THEN...in Harrisburg, it turns out taking me off the freeway and down some back residential streets is a more direct route to my hotel than just following the freeway around.

It's times like this you wish technology was still in the stone age...so you'd have the damn stones to throw at people when they pissed you off.

Tuesday, September 16, 2014

NY Does not do well in rain...

The view from my hotel window, this morning. A nice steady soft rain that sometimes got to be monsoon-like. Unlike LA, where when it rains people drive faster, driving in this city in the rain is like taking lessons in how to go so slow, you're headed backwards. And how construction on the freeways does not stop for a little precipitation. Cannot have the natives think they can get around easily in Queens; they might come to expect it.

So a drive to JFK that should have taken 20 minutes took an hour. Same for when I left to head for DC; a 15 minute drive took over an hour, especially crossing the Verrazano Narrows Bridge. Again, going so slow you're all but retracing your tire tracks. Crazy.

But soon as I was in New Jersey, the rain stopped, and the drive to DC was so uneventful, I had to stop a few times to keep from falling asleep.

At least I got here and saw the job and got my hotel -- a Holiday Inn with minimal WiFi that's next door to an Ikea -- and got some more done on OT. I need to spend about a week on nothing but the story instead of this stop and go crap I've been doing, because it gives Jake too much time to reconsider things and suggest changes I don't want to make.

And point out places where I'm missing opportunities to advance the story neatly...dammit...as is Antony, now. He's snapping at me over the representation of his character in a couple of moments.

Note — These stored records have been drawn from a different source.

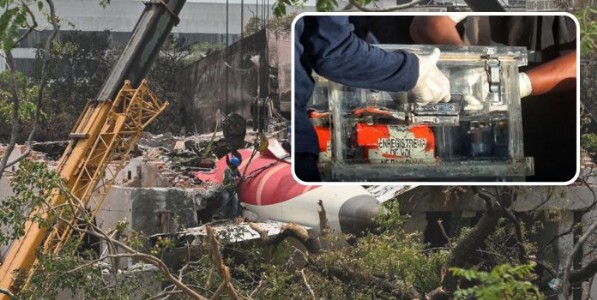 Air India Plane Crash : अहमदाबाद विमान अपघातात 
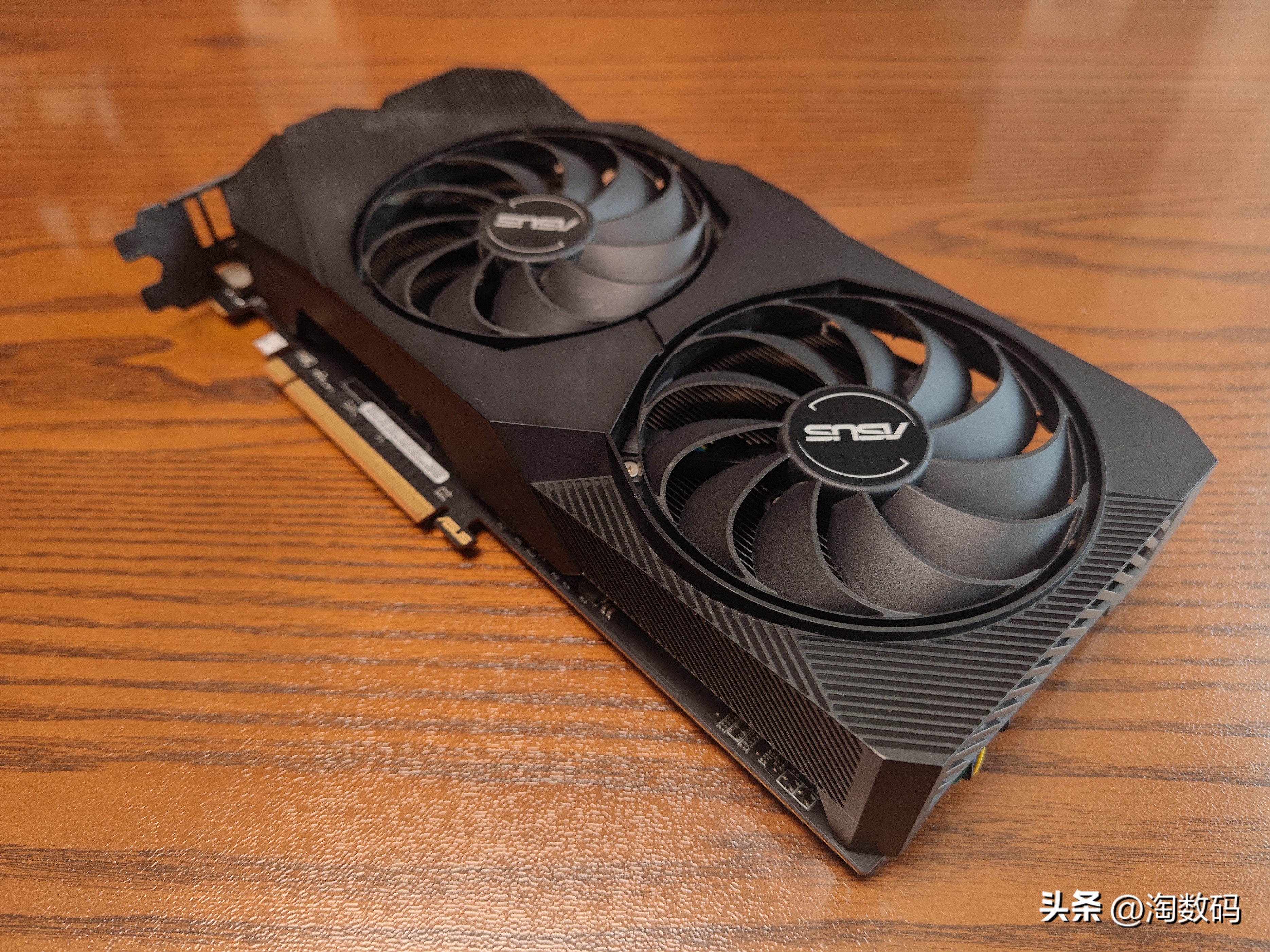 头铁矿卡配矿电:¥666块华硕RX5700+¥109块鑫谷金牌1250W装个机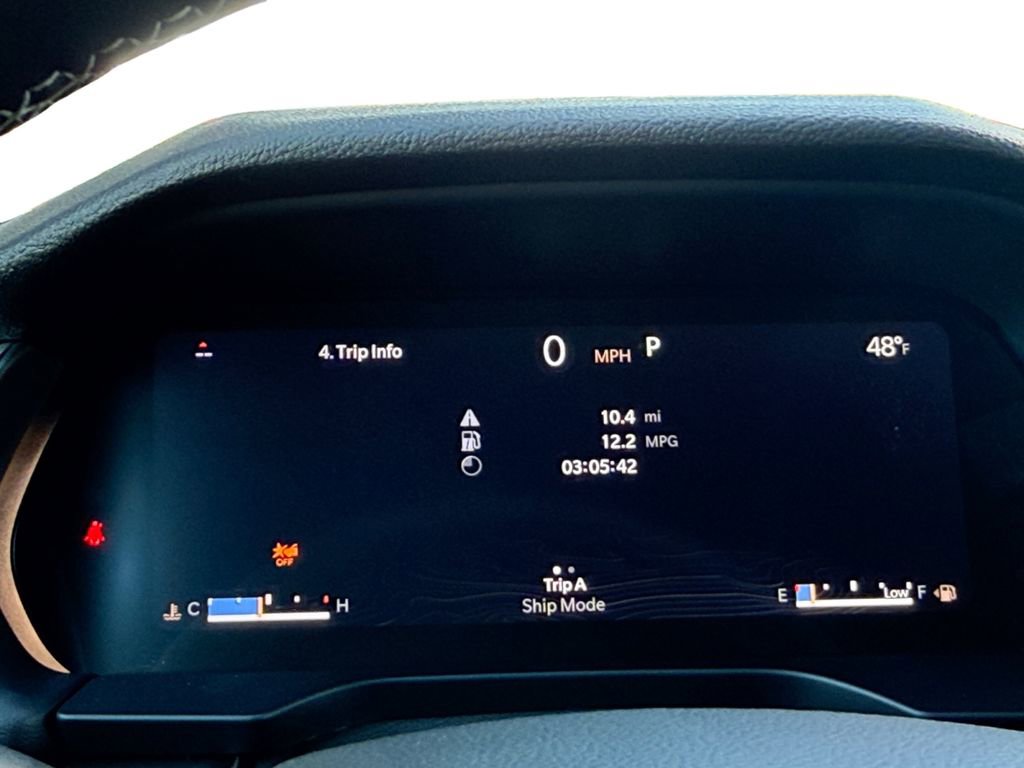 New 2025 Jeep Grand Cherokee Laredo X w/ Luxury Tech Group I image 13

I still feel like I'm missing something in the story and can't figure out what it is. Like there's an aspect that would help clarify things and I can't see it...or I'm too focused to allow it in or something. Even having this space to let the story settle hasn't made it clear. I guess all I can do is keep plugging away and hope the revelation comes.

Again.

Monday, September 15, 2014

TOQATM and Bette

I don't know why, but all day while slamming through packing this collection of books in time to be picked up, the score for this movie was drifting through my head. And that is all I have to say...
Guess I'll have to watch it, again, when I get home.

Sunday, September 14, 2014

Totally geeked out...

Today I saw an Apple I motherboard that still works. It was designed in 1975, is a bit larger than my laptop, and is in near pristine condition. Somehow a Mac guy connected his iPad to it and was able to write a program! Still! It's going to be offered at auction at Bonham's in San Francisco, and they have no idea what it will bring; it's too recent an acquisition. I have gone so fanboy, it's not funny.

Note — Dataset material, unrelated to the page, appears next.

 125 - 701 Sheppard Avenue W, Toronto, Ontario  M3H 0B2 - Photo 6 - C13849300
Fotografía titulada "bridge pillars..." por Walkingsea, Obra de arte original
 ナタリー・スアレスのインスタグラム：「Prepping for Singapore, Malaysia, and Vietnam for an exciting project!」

Okay...Adam and Casey and I have had a nice little discussion and we've come to the conclusion The Alice '65 is as good as it's going to get as a script. Except for correcting typos that might get pointed out to me (of which I am sure there are plenty), I'm making no more changes. The next step is to tell the story as a book, like I did The Lyons' Den. Which I wouldn't mind doing. I'm happy with how LD turned out; I just need to work up a strategy to get it selling better.

Looks like I'll be taking a trip to the Genius Bar, again. My laptop's e-mail connection is weirding out, again. It keeps asking me for my password, but even though I input it, it rejects it. Dunno what's going on -- if it's age or something wrong with iCloud...but I've also been having trouble with my iphone, so it may be the cloud.

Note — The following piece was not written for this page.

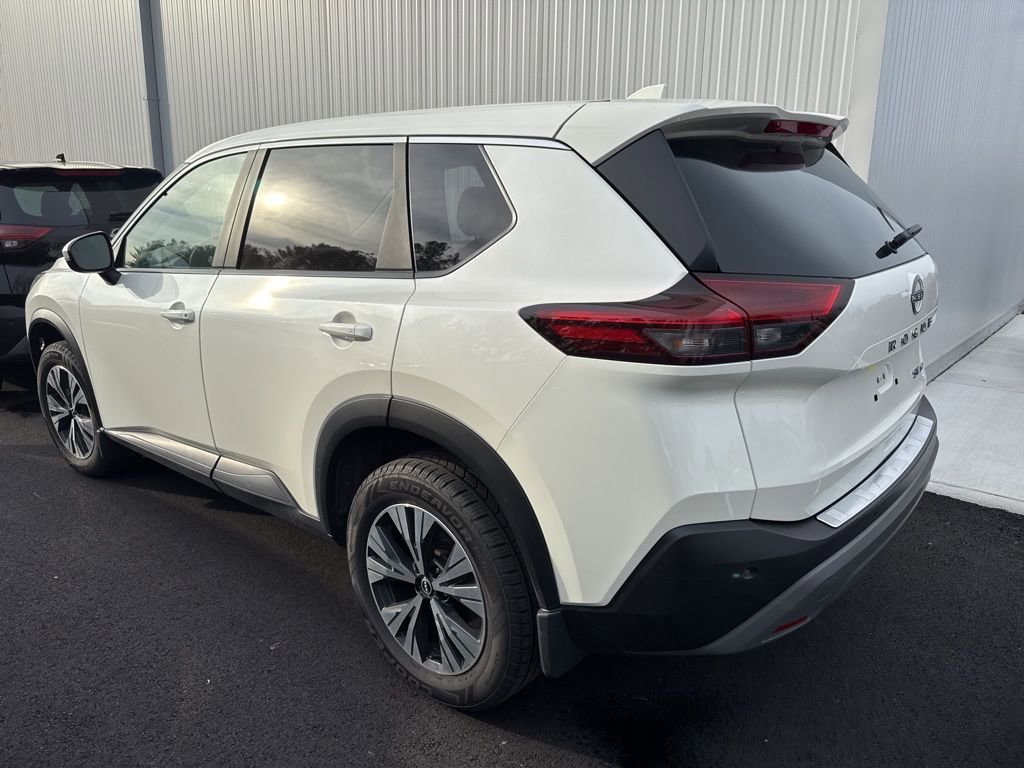 Used 2023 Nissan Rogue SV image 6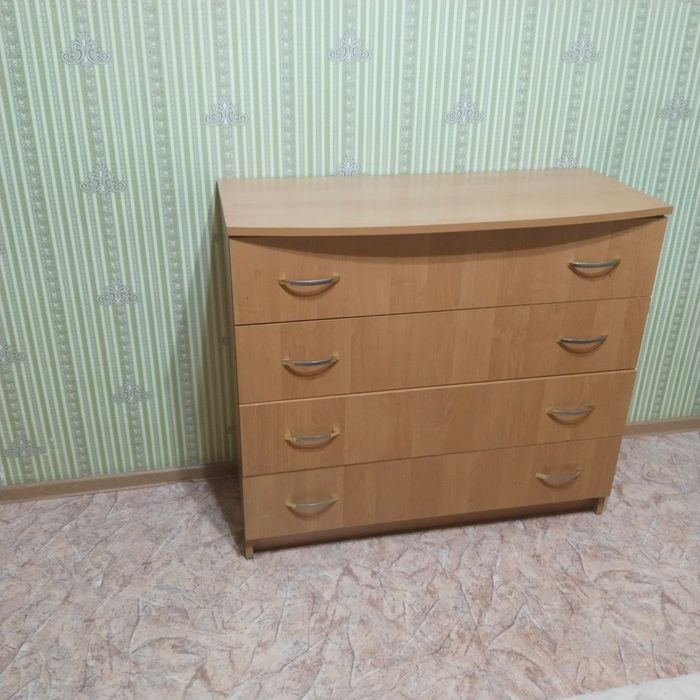 Продам спальный гарнитур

Did a little work on The Vanishing of Owen Taylor. The first section is pretty tight and sets everything up nicely, I think. I almost talked myself into changing what the mystery's about, again, but quickly talked myself out of it. I think I'm just skittish about how it will come across. Jake isn't, however; he's ready to be done.

God, so am I...

Saturday, September 13, 2014

Cleveland town...

I've never actually been there, but today I took a drive down to pick up my awards from The Indie Gathering.

All three are for Return to Darian's Point. As I understand it, the statue is for Best Horror Script, the plaque is for Best Feature Script, and the certificate is to verify it. I'll pop it into a frame when I get back from DC and put it on the wall. Verification that my work is likable.

I got to town a bit early so looked around the waterfront. Cleveland's building a new stadium for the Browns or the Indians or both, which didn't even begin to interest me. I think it's pathetic that billion dollar companies insist cities, counties and states give them hundreds of millions in tax breaks and funding so they'll build a place for their teams to play a couple times a year.

That's why LA doesn't have a football team -- the city and county told the NFL, "Fine, you want a team here with a new stadium, we're happy to have it. But you'll have to build it without taxpayer dollars." And the NFL tossed a fit and spit and moaned...and after fifteen years there is still no football team in the nation's second largest market. I don't care if they ever get one.

But the lakefront does have a couple of museums -- for Rock & Roll History and Science -- and a nice park and some boat rides, so it's a pleasant space. Very open.

The wind was brisk and Lake Erie was whipped up with whitecaps, none of which came out good in my photos, but the lake freighter was impressive, up close.

I drove on to my appointment...and saw the inner city looks like the rust belt is still intact. Much like sections of Buffalo. Rather sad. Coming back, I drove over the Cuyahoga River.

Randy Newman's song continues to resonate...

Friday, September 12, 2014

And it's done, again...

I spent the evening working on A65 and have it completed. I even cut it down from 112 pages to 110. There wasn't a lot to be gotten rid of or changed -- just moments where I was pushing the story too hard and not being willing to lose a joke that wasn't really comfortable where it was. I like the build of Casey's and Adam's relationship. It feels normal and natural...exactly what I'm after.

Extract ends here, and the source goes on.